Now the old woman was overjoyed that she had been able to save her son, but she soon became very angry with Chow Kung for refusing to help her. She went to him and announced, in no uncertain terms, how his long-time rival, Tao Fa Kuo had come to her rescue. This annoyed Chow Kung, so he thought up a plan to get the better of her. Using his position as a judge, he ordered Tao Fa Kuo to marry his son. His scheme was this. He planned to use his gold cockerel to peck the new bride to death as she rode in her sedan chair on her way to the wedding. Should that fail, he planned to kill her on the wedding night, when the newlyweds dine together in their bridal room on a special dish that was meant to symbolise good luck and long life. They would take this meal together at midnight, and his plan was to hide a white tiger in their bed, so that the bride would be eaten when she got in.’
‘Wouldn’t the tiger eat his own son too?’ I asked, a little puzzled.

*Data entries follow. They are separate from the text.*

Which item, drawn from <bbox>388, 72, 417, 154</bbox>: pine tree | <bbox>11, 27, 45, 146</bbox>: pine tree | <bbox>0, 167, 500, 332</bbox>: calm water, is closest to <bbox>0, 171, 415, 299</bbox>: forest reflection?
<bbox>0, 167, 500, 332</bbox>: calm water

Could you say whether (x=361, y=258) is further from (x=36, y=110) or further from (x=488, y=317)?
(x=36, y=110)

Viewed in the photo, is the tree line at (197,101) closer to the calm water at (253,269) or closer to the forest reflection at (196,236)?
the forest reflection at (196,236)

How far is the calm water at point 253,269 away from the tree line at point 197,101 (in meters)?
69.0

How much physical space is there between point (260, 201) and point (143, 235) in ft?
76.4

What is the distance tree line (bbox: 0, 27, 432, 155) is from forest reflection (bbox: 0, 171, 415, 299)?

My grandmother had anticipated the query and had the answer waiting. ‘It’s customary for the bride to sit on the bed and wait for her meal to be uncovered, and then be invited to take it by her new husband. But luckily Tao Fa Kuo saw through his evil plan. She realised when she was ordered to marry his son that Chow Kung was out for revenge. Cleverly, she arranged for her relatives and friends to prepare bags of rice, and told them to throw the rice over her sedan chair as she was getting in. That way, the gold cockerel would be too busy pecking at the grains of rice to pay any attention to her. Then she asked the cook to prepare another pork dish, and just before their midnight meal on her wedding night, she threw the dish onto the bed to attract the white tiger. She pushed the groom in as well, and he soon got eaten. That is how it came to be that people in the village throw rice on the sedan chair, and why Leun Cheong Fan (the special dish of pork and rice) is customary on the wedding night in order to protect the bride.’

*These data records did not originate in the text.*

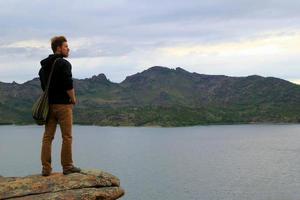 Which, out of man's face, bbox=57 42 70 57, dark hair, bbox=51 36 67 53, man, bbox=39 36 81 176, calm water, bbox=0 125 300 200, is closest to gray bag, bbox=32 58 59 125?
man, bbox=39 36 81 176

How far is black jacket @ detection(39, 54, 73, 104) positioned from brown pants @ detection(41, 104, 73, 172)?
26 cm

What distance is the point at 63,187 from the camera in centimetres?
1438

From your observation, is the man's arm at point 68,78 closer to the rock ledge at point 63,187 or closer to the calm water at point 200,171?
the rock ledge at point 63,187

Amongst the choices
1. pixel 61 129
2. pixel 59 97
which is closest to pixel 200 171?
pixel 61 129

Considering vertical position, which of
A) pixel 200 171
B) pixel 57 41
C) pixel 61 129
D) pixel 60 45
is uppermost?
pixel 57 41

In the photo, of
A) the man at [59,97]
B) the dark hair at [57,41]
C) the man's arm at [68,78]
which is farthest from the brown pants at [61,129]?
the dark hair at [57,41]

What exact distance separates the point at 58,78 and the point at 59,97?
629mm

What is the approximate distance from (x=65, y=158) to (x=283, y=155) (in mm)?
146072

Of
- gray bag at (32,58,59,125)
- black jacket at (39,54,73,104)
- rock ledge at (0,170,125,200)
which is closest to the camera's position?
rock ledge at (0,170,125,200)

I remember being more than a little confused by the story, for I had a bad recall of traditional Chinese names. To make matters worse, it was difficult to tell male characters from female characters, as there are no gender pronouns in Cantonese, like ‘he’ or ‘she’. Maybe I was thinking in English and I should have been thinking in Cantonese. But it was always fun to listen to my grandmother talking. She had a lyrical quality about her voice, and intensity in her speech and manner which was hard to resist.

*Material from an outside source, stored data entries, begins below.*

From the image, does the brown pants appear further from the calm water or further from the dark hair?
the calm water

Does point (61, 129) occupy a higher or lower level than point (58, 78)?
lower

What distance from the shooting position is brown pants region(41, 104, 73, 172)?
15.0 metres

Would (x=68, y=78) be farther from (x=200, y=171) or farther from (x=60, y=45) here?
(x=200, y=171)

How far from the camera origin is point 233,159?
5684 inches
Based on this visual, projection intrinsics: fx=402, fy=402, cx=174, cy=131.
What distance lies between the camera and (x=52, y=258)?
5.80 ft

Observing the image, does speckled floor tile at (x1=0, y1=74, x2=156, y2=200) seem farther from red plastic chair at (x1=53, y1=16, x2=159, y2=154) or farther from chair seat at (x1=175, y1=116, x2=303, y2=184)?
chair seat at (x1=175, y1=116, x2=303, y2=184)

I watched her as she put away her brushes and combs. Her dressing table had served her well over the past sixty years. She had the top drawer, and my sister and I had one each of the lower drawers for almost all the clothes we owned. It is a little strange to know that this dressing table, which featured so prominently in our little flat, is now a permanent exhibit in the Museum of Hong Kong. I wonder if one can still smell the grain of wood, so richly perfumed by a collection of medicinal oils my grandmother kept in her little side drawer next to the mirror; oils of lavender, eucalyptus, cinnamon, lemon grass, peppermint and white flower. Sometimes when I walk into a Chinese medicinal store, I get a subtle reminder, and it takes me back to a time and a place that seems so far away.